* [YOUR GOAL]:
Skip the pictures and retype exactly the lines from the one holding "Train-App-IOS-Icon" through the end of the entries.

* [DATA EXTRACT]:
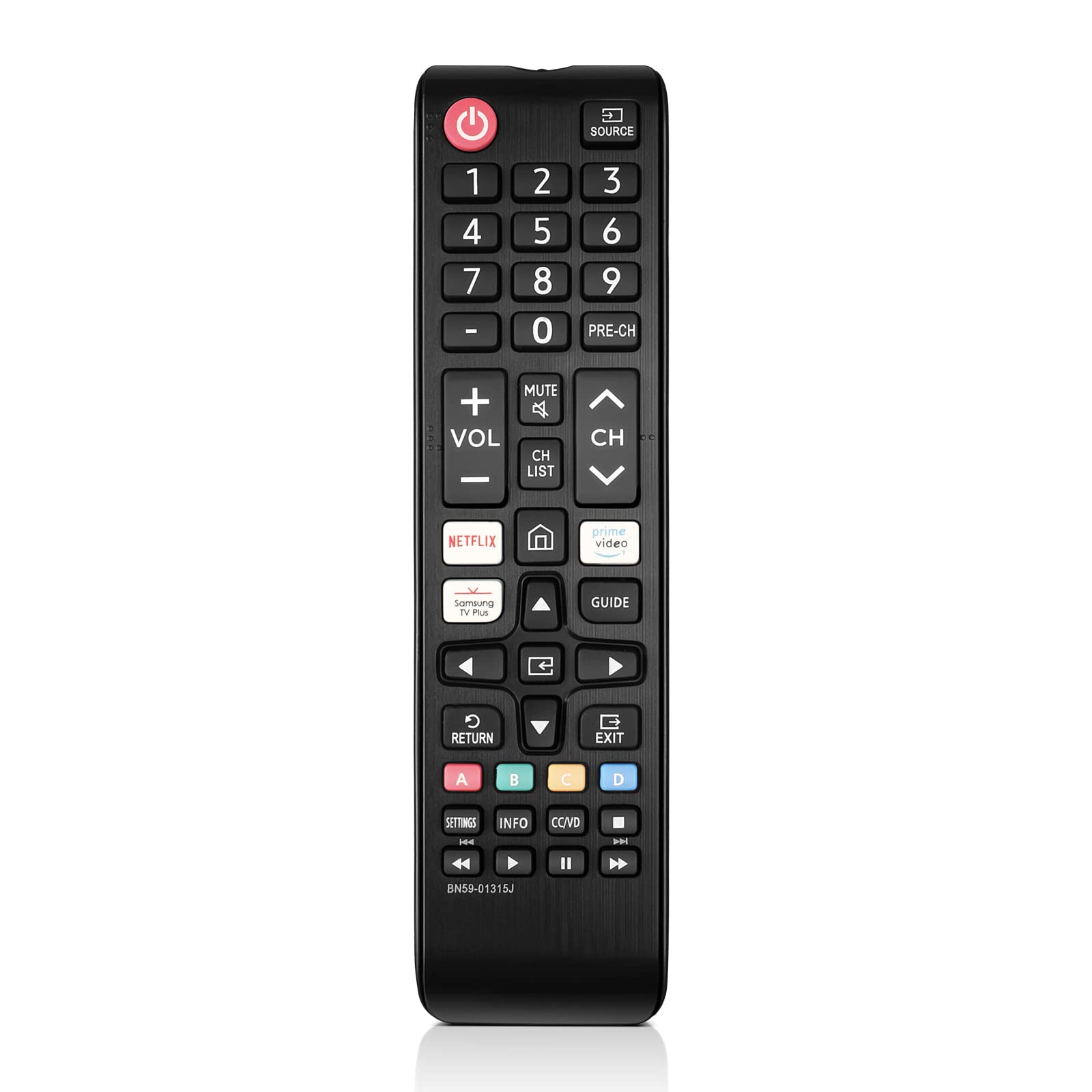 samsung replacement remote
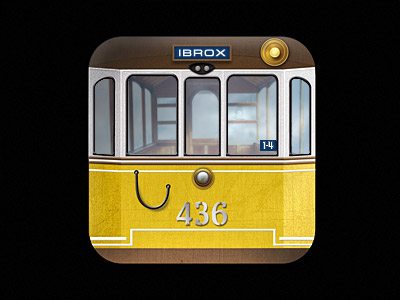 Train-App-IOS-Icon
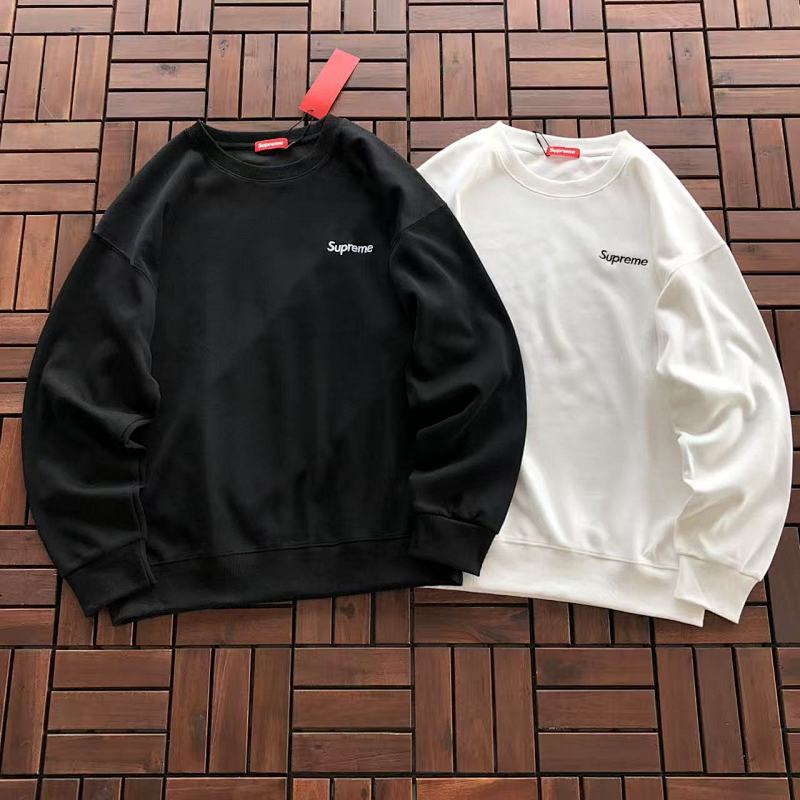 SUPREME SWEATER 22101723 (im 180CM 68KG iwear size XL in the photo)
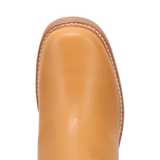 Dingo Roxy - Botines de piel para mujer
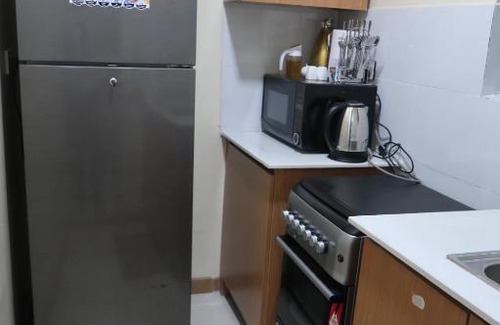 Ngara Apartamento | Nairobi Fabulous home Airbnbs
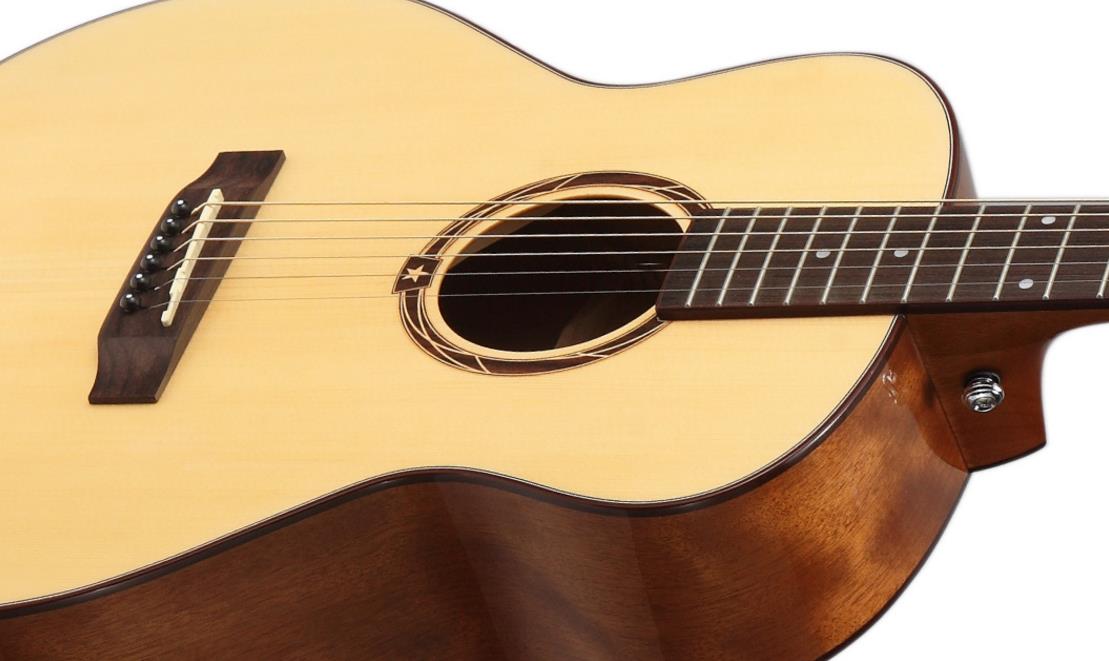 ZYGG-T1 36 inch spruce guitar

* [RESPONSE]:
 Train-App-IOS-Icon
 SUPREME SWEATER 22101723 (im 180CM 68KG iwear size XL in the photo)
 Dingo Roxy - Botines de piel para mujer
 Ngara Apartamento | Nairobi Fabulous home Airbnbs
 ZYGG-T1 36 inch spruce guitar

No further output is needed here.